The last few years have seen great strides in budget printed circuit board manufacturing. These days you can have boards made in a week for only a few dollars a square inch. Flexible PCBs still tend to be rather expensive though. [Mikey77] is changing that by making flex circuits at home with his 3D printer. [Mikey77] utilized one of the properties of Ninjaflex Thermoplastic Elastomer (TPE) filament – it sticks to bare copper!

The TPE filament acts as an etch resist, similar to methods using laser printer toner. For a substrate, [Mikey77] lists 3 options:

.004″ thick “Scissor cut” copper clad board from Electronics Goldmine

.002″ thick pure copper polyester taffeta fabric from lessEMF.com

<.001″ Pyralux material from Adafruit, which is one of the materials used to make professional flex PCBs.

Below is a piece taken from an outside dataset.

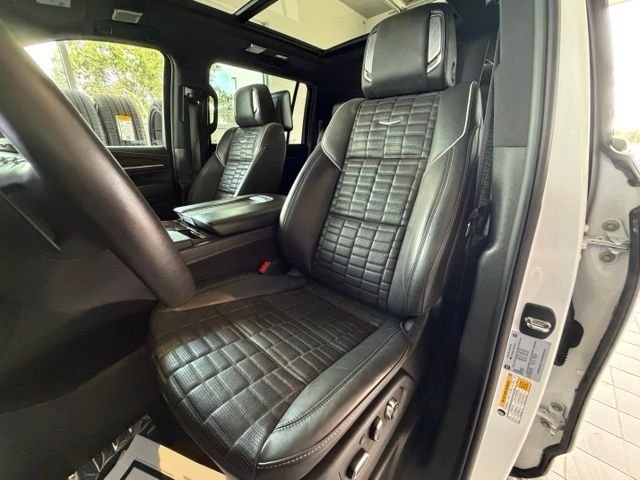Used 2023 White Cadillac Premium Luxury Platinum image 20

A bit of spray adhesive will hold the Flex PCB down on the printer’s bed. The only issue is convincing the printer to print a few thousandths of an inch higher than the actual bed level. Rather than change the home position on his Z axis, [Mikey77] used AutoDesk 123D to create 3D PCB designs. Each of his .stl files has a “spacer bar”, which sits at the bed level. The actual tracks to be printed are in the air a few thousandths of an inch above the bed – exactly the thickness of the substrate material. The printer prints the spacer bar on the bed, then raises its Z height and prints on the flexible PCB material. We’re sure that forcing the printer to print in mid-air like this would cause some printer software to throw errors, but the system worked for [Mikey77] and his Makerbot.

Once the designs have been printed, the boards are etched with standard etching solutions such as ferric chloride. Be careful though – these thin substrates can etch much faster than regular PCB.